WASHINGTON -- GOP presidential candidate Mitt Romney has been roundly criticized for insinuating that Chrysler planned to reopen a Jeep plant in China at the expense of U.S. workers in Ohio, but his comments and the reaction they provoked underscore the complex gray areas of international trade and globalization.
Romney said on the campaign trail in Ohio last week and in TV ads that Chrysler was planning shift production out of the state, later softening the message to say the company was sold to Italians who plan to make Jeeps in China. Chrysler CEO Sergio Marchionne, in an email to employees, later felt “obliged to unambiguously restate our position: Jeep production will not be moved from the United States to China.”
The accusation flared anew Thursday when real estate mogul Donald Trump took to Twitter to criticize President Barack Obama’s rescue of Chrysler in 2009, saying, “He bails out Chrysler and now Chrysler wants to send all Jeep manufacturing to China – and will!” Chrysler’s vice president of design, Ralph Gilles, responded on Twitter, saying Trump was “full of shit!” In a later tweet, he said, “I apologize for my language, but lies are just that, lies.”
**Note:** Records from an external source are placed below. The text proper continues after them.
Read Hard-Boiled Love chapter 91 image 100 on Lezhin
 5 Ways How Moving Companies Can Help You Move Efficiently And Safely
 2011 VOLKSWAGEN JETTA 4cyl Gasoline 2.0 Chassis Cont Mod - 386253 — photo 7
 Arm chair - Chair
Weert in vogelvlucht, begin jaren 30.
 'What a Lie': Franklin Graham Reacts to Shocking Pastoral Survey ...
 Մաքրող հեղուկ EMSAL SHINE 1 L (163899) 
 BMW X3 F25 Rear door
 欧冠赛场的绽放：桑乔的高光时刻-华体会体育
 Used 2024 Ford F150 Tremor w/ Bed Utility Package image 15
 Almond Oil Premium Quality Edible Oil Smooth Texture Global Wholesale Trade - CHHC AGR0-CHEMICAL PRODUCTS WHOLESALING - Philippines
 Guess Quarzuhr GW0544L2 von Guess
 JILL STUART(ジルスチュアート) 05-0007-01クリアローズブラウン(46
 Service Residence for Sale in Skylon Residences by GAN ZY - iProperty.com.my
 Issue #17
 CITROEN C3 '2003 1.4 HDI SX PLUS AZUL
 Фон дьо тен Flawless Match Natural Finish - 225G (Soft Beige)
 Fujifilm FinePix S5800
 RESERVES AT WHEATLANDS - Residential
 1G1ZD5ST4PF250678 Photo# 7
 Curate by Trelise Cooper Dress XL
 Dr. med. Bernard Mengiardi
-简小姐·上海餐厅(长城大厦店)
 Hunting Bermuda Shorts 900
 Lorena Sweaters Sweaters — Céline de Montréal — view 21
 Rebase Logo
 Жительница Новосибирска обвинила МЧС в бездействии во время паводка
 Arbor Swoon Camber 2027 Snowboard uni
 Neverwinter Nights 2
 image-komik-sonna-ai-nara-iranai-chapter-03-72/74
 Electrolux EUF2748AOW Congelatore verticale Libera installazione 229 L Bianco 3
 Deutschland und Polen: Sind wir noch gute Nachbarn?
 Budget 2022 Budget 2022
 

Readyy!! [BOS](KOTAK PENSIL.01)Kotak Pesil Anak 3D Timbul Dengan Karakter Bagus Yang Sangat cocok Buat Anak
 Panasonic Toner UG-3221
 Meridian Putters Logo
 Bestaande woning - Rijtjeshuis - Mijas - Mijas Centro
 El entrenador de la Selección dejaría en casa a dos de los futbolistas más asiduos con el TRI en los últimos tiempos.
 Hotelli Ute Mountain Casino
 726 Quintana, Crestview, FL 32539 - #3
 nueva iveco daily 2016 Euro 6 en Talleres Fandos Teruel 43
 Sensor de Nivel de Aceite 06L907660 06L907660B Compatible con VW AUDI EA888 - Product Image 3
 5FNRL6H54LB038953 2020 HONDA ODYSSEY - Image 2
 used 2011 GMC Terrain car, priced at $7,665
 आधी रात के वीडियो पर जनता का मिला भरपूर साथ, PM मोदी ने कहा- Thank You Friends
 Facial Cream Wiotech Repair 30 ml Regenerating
Even if Chrysler doesn’t shift U.S. production, Romney’s controversial TV ads call attention to the nuance of corporate decision-making and the question of why cars are made where they are. Why aren’t Jeeps made here and exported to China, rather than manufactured there in a plant that’s been idle since 2009?
“It would be nice to export there. It would be better for the U.S. economy to export from the United States rather than producing in China. But I think you have to deal with the reality,” said Clyde Prestowitz, a former trade negotiator in the Reagan administration who achieved global notoriety in the 1980s for his fierce criticism of trade practices by Japan in the auto sector.
Japan, China and Brazil are among the nations that effectively force foreign car manufacturers to produce in their countries by raising the costs of exporting to them and erecting barriers that provide home-field advantage.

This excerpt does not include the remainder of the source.